Monday, Mar. 09, 1931
Blank Prescriptions
The National Commission on Law Observance & Enforcement was kind to U. S. Medicine. Ever since liquor was nationally regulated, doctors have carped at the rules which limited them to 100 liquor prescriptions per 90 days and directed them to prescribe no more than one pint of "spirituous liquor'' or one quart of "vinous liquor" to a patient in any ten days. The Wickersham Commission recommended that those restrictions be abolished (TIME, Feb. 2).

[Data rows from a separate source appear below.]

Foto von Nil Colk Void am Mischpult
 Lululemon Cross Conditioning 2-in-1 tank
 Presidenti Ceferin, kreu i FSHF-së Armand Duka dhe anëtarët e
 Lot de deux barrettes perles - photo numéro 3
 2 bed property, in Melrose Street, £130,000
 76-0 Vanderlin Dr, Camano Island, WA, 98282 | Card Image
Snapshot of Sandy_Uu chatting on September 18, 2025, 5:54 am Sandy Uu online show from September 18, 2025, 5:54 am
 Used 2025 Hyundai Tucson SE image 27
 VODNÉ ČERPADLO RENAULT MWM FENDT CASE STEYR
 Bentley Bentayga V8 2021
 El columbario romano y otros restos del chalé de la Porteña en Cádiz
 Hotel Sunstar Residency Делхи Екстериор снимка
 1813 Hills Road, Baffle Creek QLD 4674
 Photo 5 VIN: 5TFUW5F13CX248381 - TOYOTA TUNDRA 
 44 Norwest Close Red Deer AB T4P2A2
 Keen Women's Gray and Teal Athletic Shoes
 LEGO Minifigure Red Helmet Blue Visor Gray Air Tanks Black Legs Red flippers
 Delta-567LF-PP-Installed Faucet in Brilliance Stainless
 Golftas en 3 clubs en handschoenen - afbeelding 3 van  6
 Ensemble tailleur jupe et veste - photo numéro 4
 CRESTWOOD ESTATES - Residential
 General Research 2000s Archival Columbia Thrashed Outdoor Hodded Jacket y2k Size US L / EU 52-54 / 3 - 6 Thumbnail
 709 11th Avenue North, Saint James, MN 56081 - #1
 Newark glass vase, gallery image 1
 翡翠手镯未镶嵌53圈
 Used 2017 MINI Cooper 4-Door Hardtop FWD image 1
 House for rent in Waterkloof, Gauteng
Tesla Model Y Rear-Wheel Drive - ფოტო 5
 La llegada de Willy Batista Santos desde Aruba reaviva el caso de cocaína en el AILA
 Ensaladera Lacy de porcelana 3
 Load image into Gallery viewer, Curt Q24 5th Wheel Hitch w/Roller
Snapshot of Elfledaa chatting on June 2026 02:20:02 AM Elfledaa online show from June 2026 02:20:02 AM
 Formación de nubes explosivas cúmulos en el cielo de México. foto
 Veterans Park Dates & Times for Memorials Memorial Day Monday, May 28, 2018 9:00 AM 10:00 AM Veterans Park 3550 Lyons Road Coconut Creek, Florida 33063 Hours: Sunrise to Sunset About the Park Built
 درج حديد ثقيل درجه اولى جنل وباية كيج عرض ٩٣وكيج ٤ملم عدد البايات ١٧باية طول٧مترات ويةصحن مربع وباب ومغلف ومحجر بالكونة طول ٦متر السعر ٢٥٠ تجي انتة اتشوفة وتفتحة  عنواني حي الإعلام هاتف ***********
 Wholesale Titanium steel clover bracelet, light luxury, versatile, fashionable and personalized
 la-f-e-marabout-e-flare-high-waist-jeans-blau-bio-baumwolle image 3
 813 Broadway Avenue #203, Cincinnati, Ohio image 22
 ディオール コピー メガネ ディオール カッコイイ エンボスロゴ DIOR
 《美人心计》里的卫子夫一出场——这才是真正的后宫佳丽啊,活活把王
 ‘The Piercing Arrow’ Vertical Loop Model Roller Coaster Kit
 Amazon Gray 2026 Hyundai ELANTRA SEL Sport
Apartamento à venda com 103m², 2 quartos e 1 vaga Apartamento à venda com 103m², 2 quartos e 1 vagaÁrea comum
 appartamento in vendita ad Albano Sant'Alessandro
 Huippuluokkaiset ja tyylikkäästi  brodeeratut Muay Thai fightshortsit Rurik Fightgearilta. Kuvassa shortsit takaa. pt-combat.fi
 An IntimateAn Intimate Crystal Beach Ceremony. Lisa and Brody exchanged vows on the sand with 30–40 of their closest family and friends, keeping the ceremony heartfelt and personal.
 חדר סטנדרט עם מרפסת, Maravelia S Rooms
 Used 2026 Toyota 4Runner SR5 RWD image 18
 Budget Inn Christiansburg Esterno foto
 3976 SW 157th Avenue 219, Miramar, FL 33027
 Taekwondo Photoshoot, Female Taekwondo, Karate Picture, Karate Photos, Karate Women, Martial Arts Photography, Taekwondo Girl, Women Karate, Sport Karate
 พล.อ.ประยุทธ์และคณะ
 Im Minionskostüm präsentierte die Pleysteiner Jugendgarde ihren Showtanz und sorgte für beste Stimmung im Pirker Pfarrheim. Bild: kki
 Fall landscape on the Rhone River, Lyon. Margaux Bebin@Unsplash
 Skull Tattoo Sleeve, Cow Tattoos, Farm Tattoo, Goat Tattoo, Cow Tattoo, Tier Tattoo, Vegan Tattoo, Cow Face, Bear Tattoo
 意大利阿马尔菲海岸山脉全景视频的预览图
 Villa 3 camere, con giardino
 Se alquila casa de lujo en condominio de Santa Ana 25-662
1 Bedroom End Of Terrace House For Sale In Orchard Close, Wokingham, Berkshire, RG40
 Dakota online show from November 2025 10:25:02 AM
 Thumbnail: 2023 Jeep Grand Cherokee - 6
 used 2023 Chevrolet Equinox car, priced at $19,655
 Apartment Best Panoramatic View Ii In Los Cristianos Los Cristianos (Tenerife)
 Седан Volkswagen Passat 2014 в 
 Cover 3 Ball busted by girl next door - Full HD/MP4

The Commission also recommended that doctors be freed from the unethical requirement of publishing the patient's ailment on the prescription. Promptly James M. Doran, Commissioner of Industrial Alcohol, ordered his agents to act accordingly. The individual regained the privilege of keeping his ills secret.
The U. S. Department of Justice and the Treasury Department were also courteous to Medicine during the 20 months the Wickersham Commission performed its research. Federal agents were cognizant of a familiar practice of certain doctors in every city. Many a doctor uses few or none of his liquor prescriptions for patients actually or nominally ill. But many a doctor has signed in blank the balance of his prescriptions, giving a fictitious patient's name. Many a doctor has vended such legalized prescriptions to druggists or bootleggers at from $1 to $1.50 per blank. On the authority of such falsified prescriptions tipplers have been enabled to buy safe, Government-bonded whiskey at from $3 to $4.50 the pint and brandy at from $4 to $7 the pint. The $400 to $600 which the individual doctor gained yearly is a goodly sum to doctors, who average slightly more than $5,000 income from legitimate practice.
Though Federal officials knew of this medical traffic, they refrained from annoying the profession while its demands for professional discretion were before the Wickersham Commission. Last summer only a few doctors were arrested for thus falsifying prescriptions. These arrests should have been a warning to the entire profession. As a warning they failed. So last week the hand of the law stretched out, slapped down in New York City. It caught: a rogue named Nathan Bernstein, in whose home were 1,432 prescriptions signed by 150 different physicians; a racketeer named Morris Sweetwood, who had 25 cases of whiskey in his hotel room; 13 retail druggists; 47 physicians. Another 396 doctors who had sold their prescriptions for $1 apiece were scheduled for Grand Jury quizzing.